Women in China who have been labeled “witches” are facing harsh social consequences that force them to band together and live in mutual understanding, a new study shows.
In a paper published in Nature Human Behavior on Jan. 8, a team of researchers found that 13.7% of a rural farming community in southwestern China were labeled zhu or “witch” by their neighbors.
They also figured that these “witches” — and their families — face difficult social consequences that are somehow mitigated if they group together.
For one, zhu families were less likely to get farming help and participate in community activities.
In addition, they were more likely to have children with similar families than with non-zhu families.
Zhu, also called zhubo, is believed to be transferable from a household that has it to another without through valuable objects such as gold, silver and silk.
However, accusing someone of being a “witch” in China is illegal.
“Zhu households are believed to raise snakes, and poison people by providing them polluted food or simply by eye contact,” Ting Ji, an anthropologist at the Chinese Academy of Sciences who worked on the study, said via the Associated Press.
“The rumor of one household got ‘zhu’ will spread quickly in the villages and to the neighboring villages.”
Interestingly, the researchers also found that the label is usually applied to middle-aged women who head wealthier households.
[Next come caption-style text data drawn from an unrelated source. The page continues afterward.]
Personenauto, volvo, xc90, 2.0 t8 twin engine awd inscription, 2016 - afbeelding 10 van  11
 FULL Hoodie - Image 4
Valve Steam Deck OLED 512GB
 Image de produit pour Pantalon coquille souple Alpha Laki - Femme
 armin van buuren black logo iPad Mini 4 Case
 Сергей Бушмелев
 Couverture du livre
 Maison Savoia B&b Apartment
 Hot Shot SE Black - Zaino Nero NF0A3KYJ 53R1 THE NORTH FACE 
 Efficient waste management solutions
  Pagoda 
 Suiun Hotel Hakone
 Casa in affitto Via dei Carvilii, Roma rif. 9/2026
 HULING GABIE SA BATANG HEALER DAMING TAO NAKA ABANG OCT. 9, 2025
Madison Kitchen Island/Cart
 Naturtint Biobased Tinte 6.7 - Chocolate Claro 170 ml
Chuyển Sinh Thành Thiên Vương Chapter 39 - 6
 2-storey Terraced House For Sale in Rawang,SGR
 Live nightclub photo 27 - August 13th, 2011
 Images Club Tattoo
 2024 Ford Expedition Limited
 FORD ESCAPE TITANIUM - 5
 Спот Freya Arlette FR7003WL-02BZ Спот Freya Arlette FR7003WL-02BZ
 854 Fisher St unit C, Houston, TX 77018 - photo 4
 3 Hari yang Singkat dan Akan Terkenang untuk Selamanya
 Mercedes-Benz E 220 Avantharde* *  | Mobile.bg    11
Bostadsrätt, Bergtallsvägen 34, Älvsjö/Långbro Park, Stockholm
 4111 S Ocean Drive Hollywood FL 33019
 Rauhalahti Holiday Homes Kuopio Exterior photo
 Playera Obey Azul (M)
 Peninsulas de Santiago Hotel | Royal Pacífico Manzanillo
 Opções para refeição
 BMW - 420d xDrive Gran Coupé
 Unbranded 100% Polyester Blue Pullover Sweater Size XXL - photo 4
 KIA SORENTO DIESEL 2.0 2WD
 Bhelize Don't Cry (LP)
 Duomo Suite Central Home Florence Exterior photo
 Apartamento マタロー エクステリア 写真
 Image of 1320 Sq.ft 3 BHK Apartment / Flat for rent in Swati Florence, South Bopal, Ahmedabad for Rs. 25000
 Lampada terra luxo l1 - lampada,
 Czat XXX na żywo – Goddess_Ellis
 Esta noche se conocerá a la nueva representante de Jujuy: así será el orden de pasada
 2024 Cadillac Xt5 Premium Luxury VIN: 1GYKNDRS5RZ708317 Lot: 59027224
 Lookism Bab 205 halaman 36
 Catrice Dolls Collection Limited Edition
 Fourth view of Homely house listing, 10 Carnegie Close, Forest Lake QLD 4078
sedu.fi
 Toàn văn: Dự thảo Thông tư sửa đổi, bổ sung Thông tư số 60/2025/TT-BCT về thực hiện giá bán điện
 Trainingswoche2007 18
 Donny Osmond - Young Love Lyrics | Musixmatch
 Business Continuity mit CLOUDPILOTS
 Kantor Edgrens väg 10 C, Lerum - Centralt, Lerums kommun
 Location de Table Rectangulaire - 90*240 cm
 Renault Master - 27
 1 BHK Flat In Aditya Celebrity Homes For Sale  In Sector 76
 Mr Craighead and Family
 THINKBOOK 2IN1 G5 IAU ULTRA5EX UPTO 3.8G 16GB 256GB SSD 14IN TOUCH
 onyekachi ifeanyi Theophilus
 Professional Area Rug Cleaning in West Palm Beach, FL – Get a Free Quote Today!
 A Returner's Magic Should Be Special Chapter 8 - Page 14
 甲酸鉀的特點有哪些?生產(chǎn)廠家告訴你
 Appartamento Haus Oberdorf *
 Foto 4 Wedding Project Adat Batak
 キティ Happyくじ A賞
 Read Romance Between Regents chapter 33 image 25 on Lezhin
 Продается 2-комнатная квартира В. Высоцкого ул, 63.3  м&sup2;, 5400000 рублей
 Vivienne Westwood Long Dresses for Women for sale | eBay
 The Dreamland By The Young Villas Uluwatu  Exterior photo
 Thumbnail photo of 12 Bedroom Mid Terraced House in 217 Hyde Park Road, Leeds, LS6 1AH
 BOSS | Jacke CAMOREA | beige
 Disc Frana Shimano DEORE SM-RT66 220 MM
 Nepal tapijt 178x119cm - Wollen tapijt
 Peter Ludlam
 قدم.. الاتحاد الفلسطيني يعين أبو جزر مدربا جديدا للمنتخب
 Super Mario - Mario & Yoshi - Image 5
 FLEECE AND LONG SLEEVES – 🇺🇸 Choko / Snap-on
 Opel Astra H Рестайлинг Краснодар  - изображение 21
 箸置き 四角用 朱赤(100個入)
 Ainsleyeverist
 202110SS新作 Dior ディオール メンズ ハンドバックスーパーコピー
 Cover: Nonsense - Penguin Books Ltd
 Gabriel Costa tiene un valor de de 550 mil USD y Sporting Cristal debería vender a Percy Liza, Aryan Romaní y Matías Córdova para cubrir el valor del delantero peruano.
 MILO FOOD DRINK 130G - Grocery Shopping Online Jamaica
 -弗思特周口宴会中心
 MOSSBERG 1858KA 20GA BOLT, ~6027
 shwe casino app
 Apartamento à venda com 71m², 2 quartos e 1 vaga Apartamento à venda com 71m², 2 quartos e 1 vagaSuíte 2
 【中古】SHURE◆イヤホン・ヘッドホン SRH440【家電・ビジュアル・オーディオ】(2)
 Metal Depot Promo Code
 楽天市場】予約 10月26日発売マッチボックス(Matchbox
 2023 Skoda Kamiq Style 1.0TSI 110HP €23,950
These women also had less children than non-zhu families.
But perhaps more importantly, the label is often designated to women who have been blamed for others’ misfortune.
Ting and her colleagues wrote, “Our finding that the label is more likely to fall on wealthier and female-headed households fits with anecdotal accounts from other populations of accusations arising out of jealousy or spite, directed particularly at women.”
While these “witches” are ostracized in their own community, it must be noted that the researchers found no evidence that they are less cooperative than non-zhu households.